**TO DO:** For the entries below, print exactly the lines between the line holding "House (Multiple Bedrooms)" and the line holding "日産リーフ充電ケーブル 3NK5E 257", inclusive, and nothing else.

**PROVIDED RECORDS:**
-------

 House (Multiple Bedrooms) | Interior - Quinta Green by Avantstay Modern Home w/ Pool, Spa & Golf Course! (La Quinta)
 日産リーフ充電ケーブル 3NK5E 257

-------

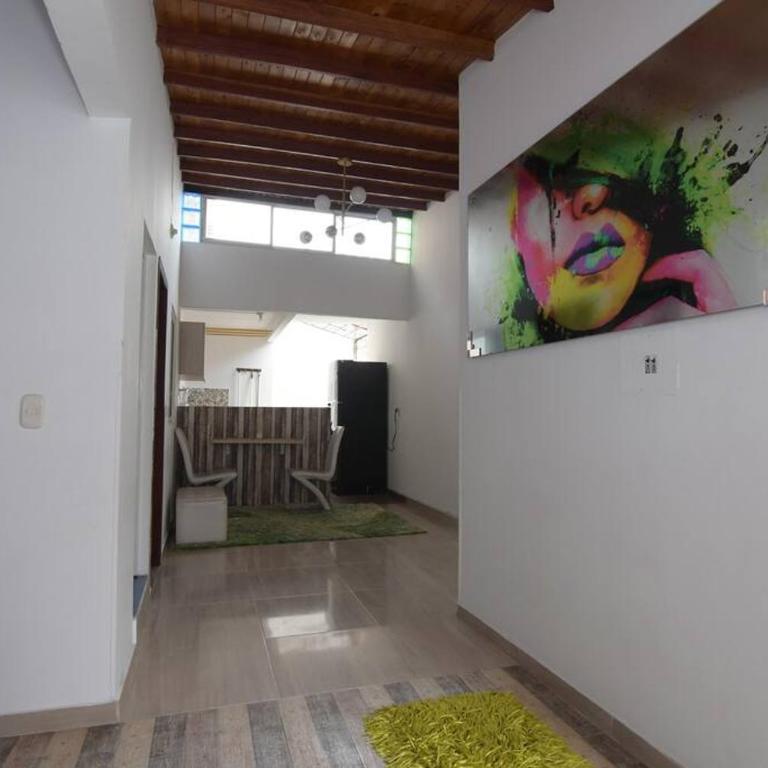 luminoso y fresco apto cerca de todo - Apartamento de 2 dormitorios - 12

-------

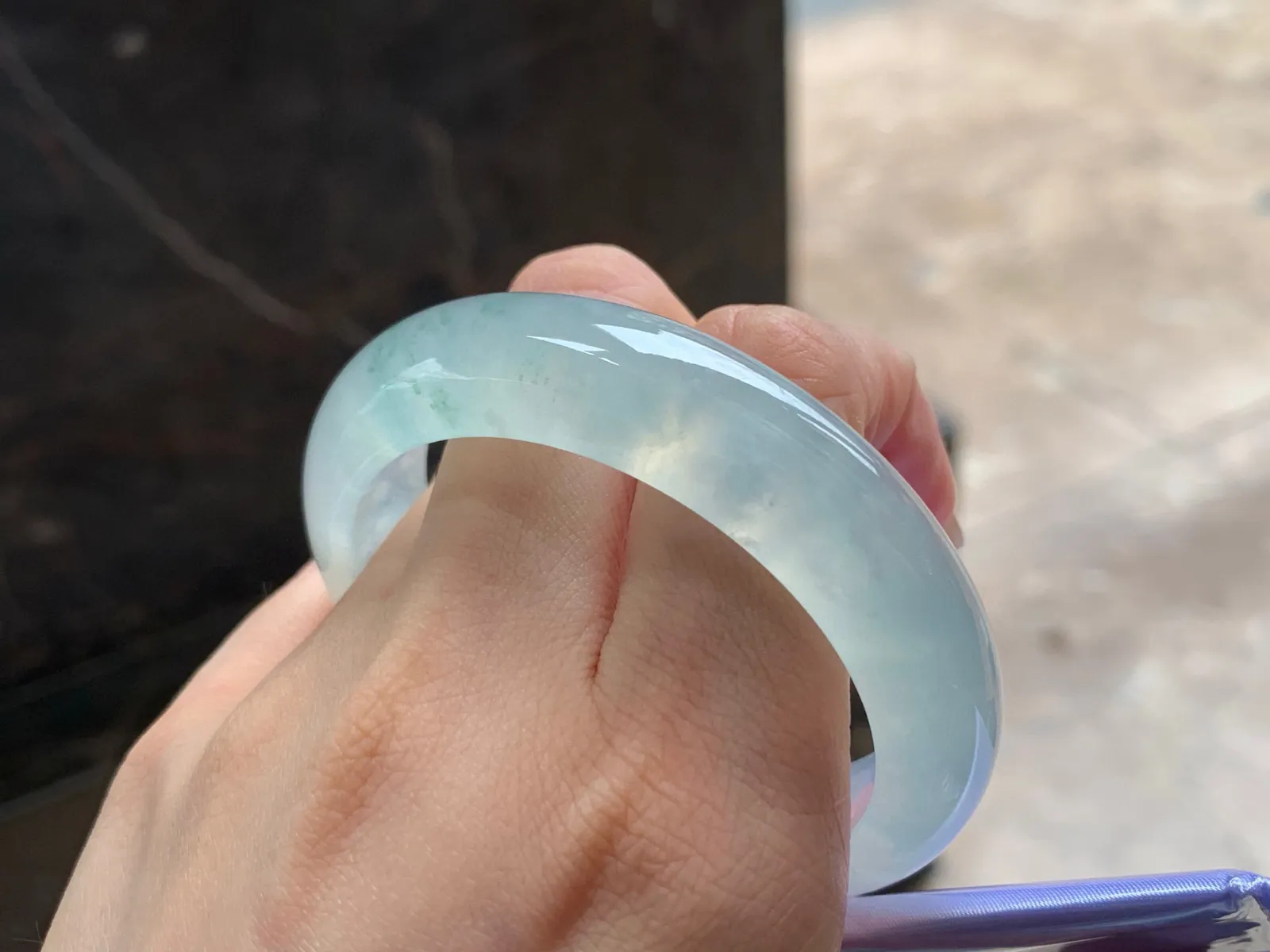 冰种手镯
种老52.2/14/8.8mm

-------

**OUTPUT FOR THIS EXERCISE:**
 House (Multiple Bedrooms) | Interior - Quinta Green by Avantstay Modern Home w/ Pool, Spa & Golf Course! (La Quinta)
 日産リーフ充電ケーブル 3NK5E 257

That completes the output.